Stored entries:

▼▼▼

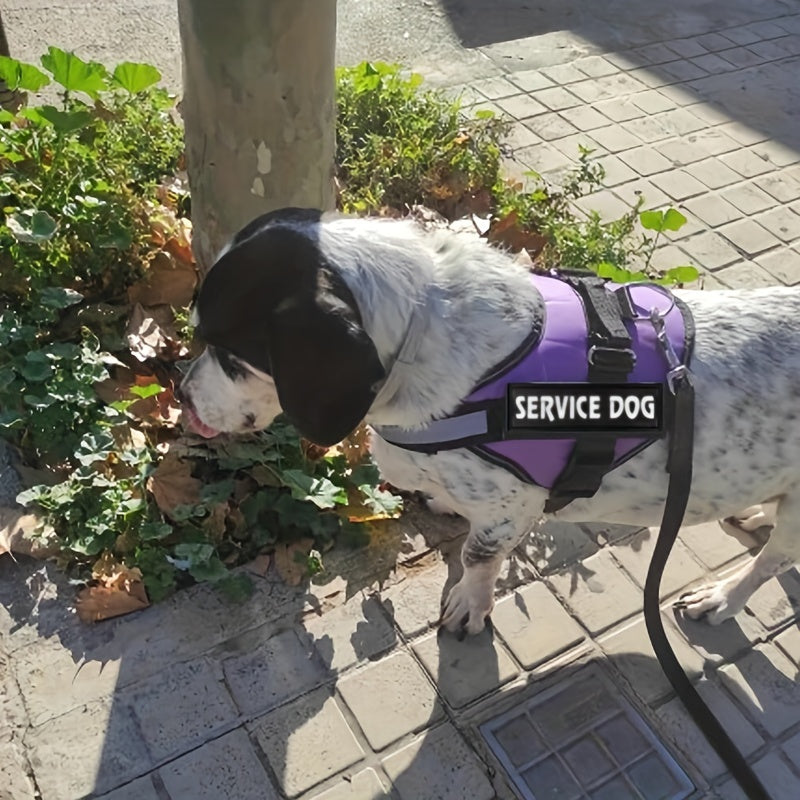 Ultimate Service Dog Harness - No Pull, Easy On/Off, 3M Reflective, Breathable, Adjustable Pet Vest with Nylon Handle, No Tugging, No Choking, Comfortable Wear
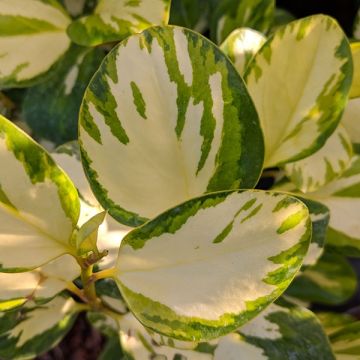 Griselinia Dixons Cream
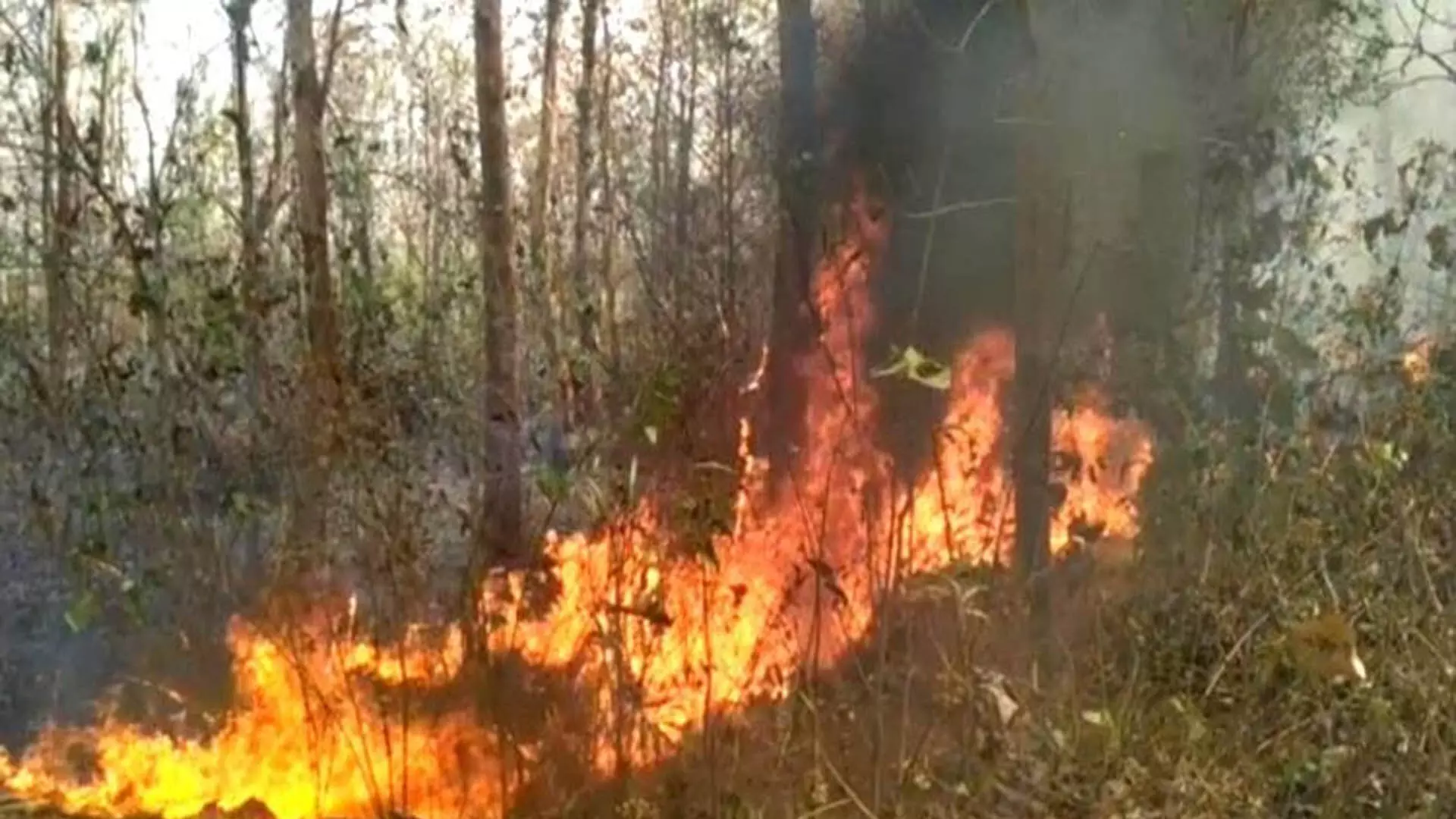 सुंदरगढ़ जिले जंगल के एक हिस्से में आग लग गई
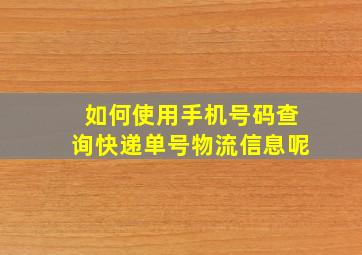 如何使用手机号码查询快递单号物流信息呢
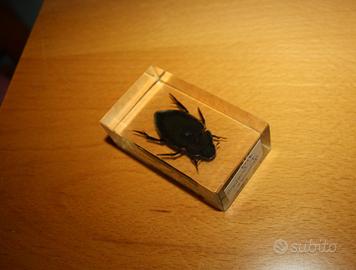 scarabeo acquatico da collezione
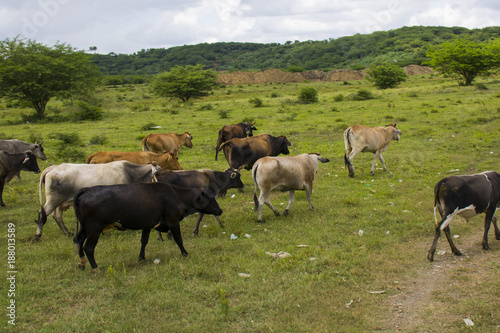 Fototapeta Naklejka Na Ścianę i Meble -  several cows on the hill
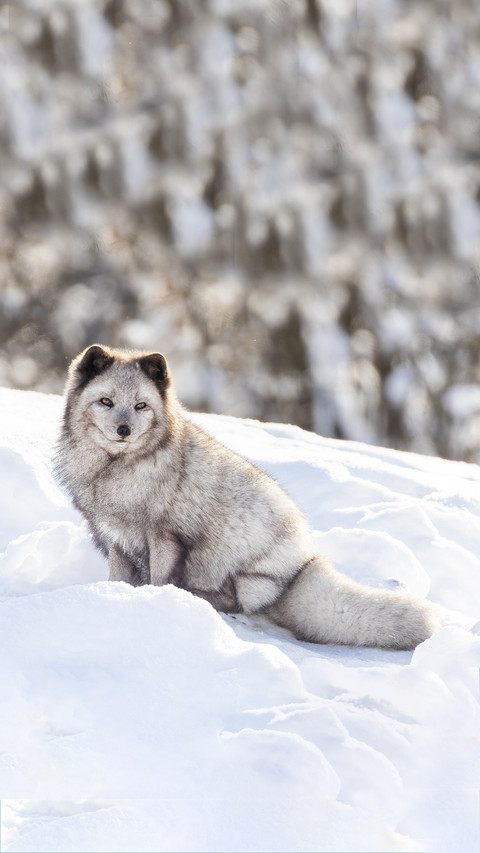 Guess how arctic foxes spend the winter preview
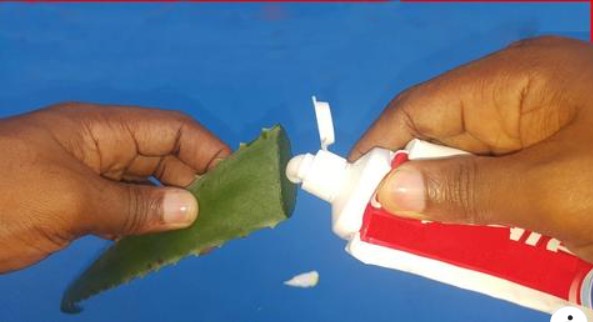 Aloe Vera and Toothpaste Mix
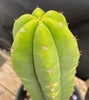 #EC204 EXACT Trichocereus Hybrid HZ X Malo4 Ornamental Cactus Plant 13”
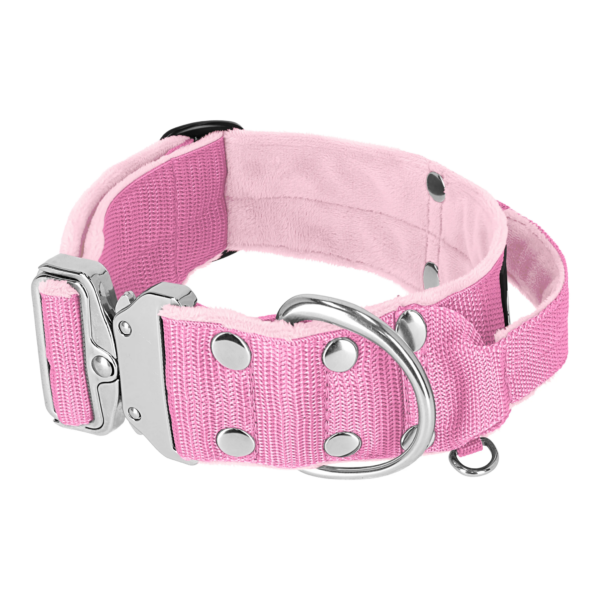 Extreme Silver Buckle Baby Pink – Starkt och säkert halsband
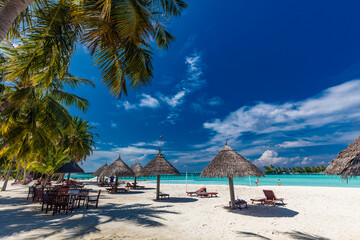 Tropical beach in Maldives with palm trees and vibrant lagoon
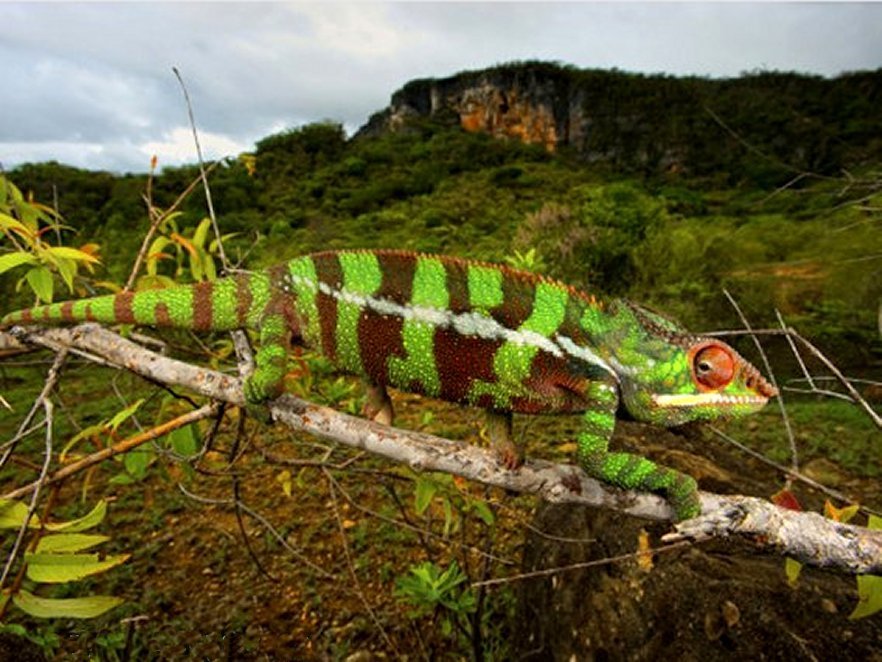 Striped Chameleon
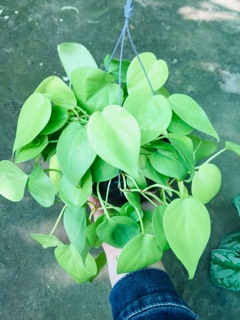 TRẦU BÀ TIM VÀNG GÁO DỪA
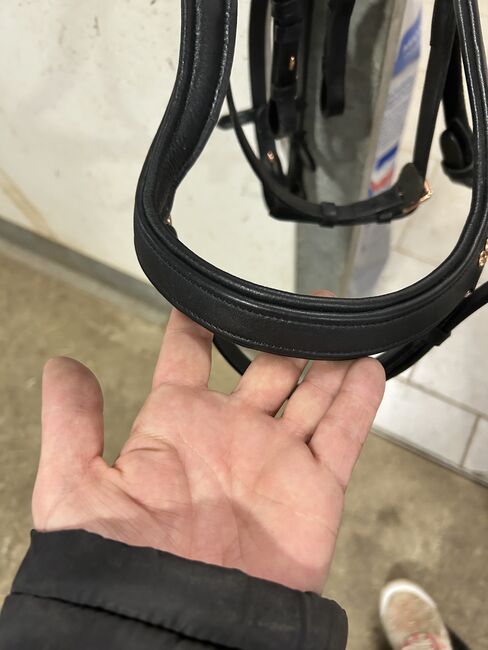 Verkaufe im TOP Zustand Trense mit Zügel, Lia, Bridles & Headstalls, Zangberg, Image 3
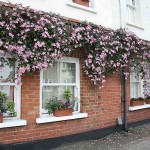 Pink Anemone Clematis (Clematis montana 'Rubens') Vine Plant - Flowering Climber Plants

▲▲▲

◆ Your instructions: Going from the line holding "Tropical beach in" to the last line of the data above, reproduce every line exactly, both included, with the pictures omitted.

◆ Written response:
 Tropical beach in Maldives with palm trees and vibrant lagoon
 Striped Chameleon
 TRẦU BÀ TIM VÀNG GÁO DỪA
 Verkaufe im TOP Zustand Trense mit Zügel, Lia, Bridles & Headstalls, Zangberg, Image 3
 Pink Anemone Clematis (Clematis montana 'Rubens') Vine Plant - Flowering Climber Plants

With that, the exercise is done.